Processing of Low Sugar Jams from Fig Pulp Treated with Pectinesterase

저당성 무화과 잼의 제조

  • Hou, Won-Nyoung (Department of Horticultural Crops Breeding, Mokpo National University) ;
  • Kim, Myoung-Hwa (Department of Horticultural Crops Breeding, Mokpo National University)
  • 허원녕 (국립 목포대학교 원예육종학과) ;
  • 김명화 (국립 목포대학교 원예육종학과)
  • Published : 1998.02.01

Abstract

The change of pectinesterase (PE) activity and pectin substances in fig fruit were investigated and low sugar jams prepared by various methods from fig fruit were compared. Fig fruit PE, which began to show the activity at the harvest time, was not inactivated and had slight activity during frozen storage at $-25^{\circ}C$. The amount of alcohol insoluble solid (AIS) and the degree of esterification (DE) of AIS were reduced by its own PE activity. However the intrinsic PE of fig fruit was not enough to make low-methoxyl pectin below 50% of DE. Fig pulp treated by its own PE and combination of fig PE and orange PE could make low-methoxyl pectin.

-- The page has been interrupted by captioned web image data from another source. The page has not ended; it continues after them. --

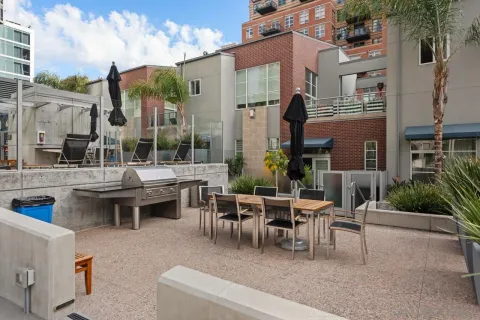 $739,900 | 800 The Mark Lane, Unit 2103, San Diego, CA 92101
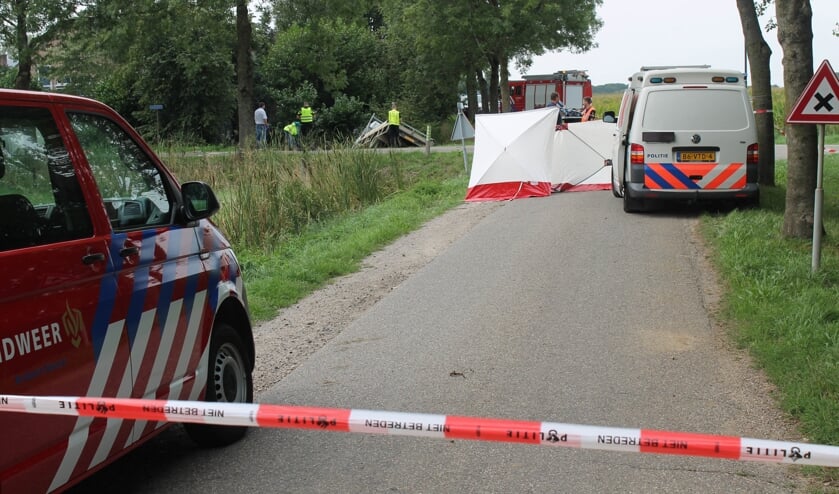 De hulpdiensten in Dieden.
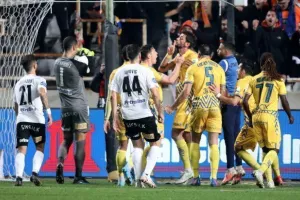 ΑΠΟΕΛ - ΑΕΚ: Την κέρδισε και την… έπιασε στην 2η θέση! (Φώτος)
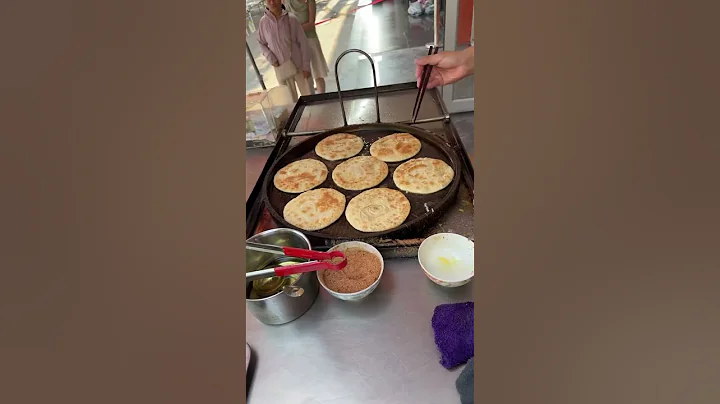 The process of making egg - filled pancakes and making money from selling them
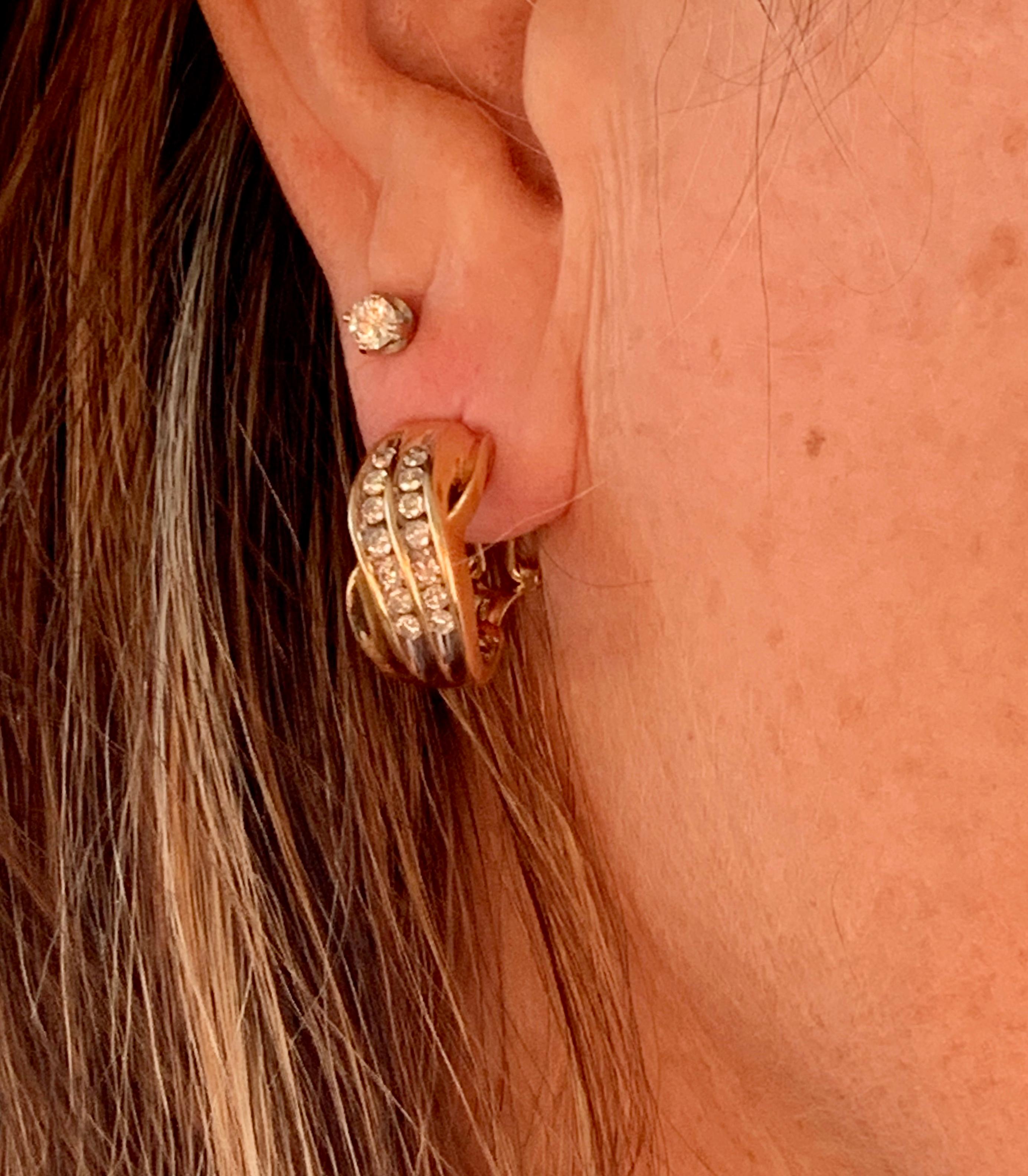 Modern Round Cut Diamond Lever Back Pierced 14 Karat Yellow Gold Hoop Earrings 6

After PE treatments, fig pulp adjusted below pH 4.0 by addition of citric acid kept red colour. Fig Jams processed by various methods had lower soluble solid $(31{\sim}49^{\circ}Brix)$ compared with conventional fig jam. Five kinds of fig jams out of those showed higher score than others in the sensory evaluation. For preparation of the five jams, the fig pulps with or without 1% pectin were treated at $50^{\circ}C$ for 25 minutes with addition of orange PE (200 units/400 g pulp). The treated pulps were added with 0.25% citric acid, 0.7% calcium and 20% cane sugar. The mixed pulps were prepared for jams containing low sugar by hot plate or microwave or refrigeration (excepting the mixed pulp without pectin).